Le journal Echourouk doit dénoncer !

Le samedi 18 août, deux officiers de police du commissariat de Bourouba à Alger se sont présentés au domicile de la famille Rahmouni dont le fils Mohamed a disparu depuis son arrestation du 18 juillet dernier. Ces agents ont dit vouloir parler au père de Mohamed. N’ayant pas trouvé le père ils ont embarqué le fils, Ali, méthode de substitution très régulièrement employée par les autorités.

 

Dès qu’ils l’ont su, la mère et le père de Ali et de Mohamed Rahmouni se sont rendus immédiatement au commissariat, où l’officier de police a emmené la mère dans un bureau et a demandé au père de rester dehors, dans la cour. Puis ils ont ordonné à Ali de partir.

 

C’est alors que l’interrogatoire a commencé.
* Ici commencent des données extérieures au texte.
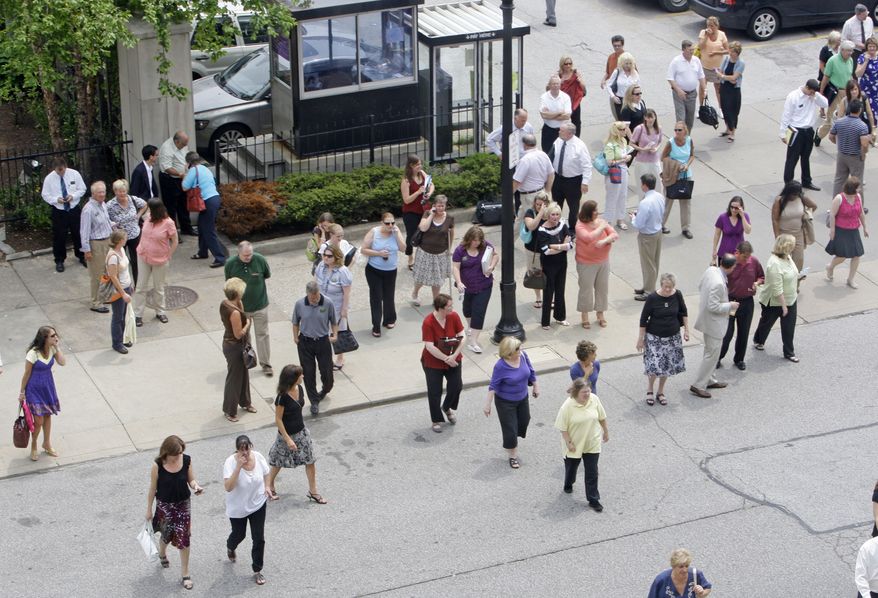 People make their way back into an office building in Cleveland after an earthquake shook parts of Canada and the United States on Wednesday, June 23, 2010. The magnitude-5.0 temblor, which was centered on the Ontario-Quebec border, cracked plaster in Cleveland and caused buildings to sway gently in Cincinnati. (AP Photo/Tony Dejak)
Les officiers lui ont posé des questions sur les fréquentations de son fils Mohamed, s’il s’absentait souvent ou s’il sortait tard le soir. Ils l’ont sommé de leur expliquer toutes les démarches qu’elle avait entreprises. Elle leur a alors expliqué avoir pris contact avec SOS Disparus, avoir constitué un avocat, s’être rendue au tribunal, à la gendarmerie et dans les prisons d’Alger …

 

Les officiers de police lui ont alors rétorqué qu’elle n’avait pas à faire toutes ces démarches dans la mesure où son fils était « protégé puisqu’il est entre les mains de l’Etat ». Excédée Madame Rahmouni, a lancé « quel Etat ? L’Algérie toute entière est un Etat en elle-même ! Je veux savoir entre quelles mains est mon fils ! ».

 

L’officier de police lui a alors fait croire qu’il suffisait qu’elle lui donne son numéro de téléphone portable pour qu’elle puisse parler à son fils. Le téléphone a enfin sonné…

 

Cependant, ce n’était pas Mohamed à l’appareil mais une personne qui se prétendait journaliste du quotidien algérien Ech-Chourouk. Celle-ci a prétexté avoir été mandatée par SOS Disparus pour l’interviewer. La soi-disant journaliste est arrivée au commissariat et a interrogé Madame Rahmouni exactement comme l’avaient fait les policiers sur les fréquentations de son fils, les recours effectués, sur l’avocat qu’elle avait constitué … Ces manoeuvres innommables se sont soldées par la signature du procès verbal sans que Madame Rahmouni ne pense à le lire.

Dilem semble jouir d’une totale impunité en s’attaquant sans cesse aux lieux sacrés !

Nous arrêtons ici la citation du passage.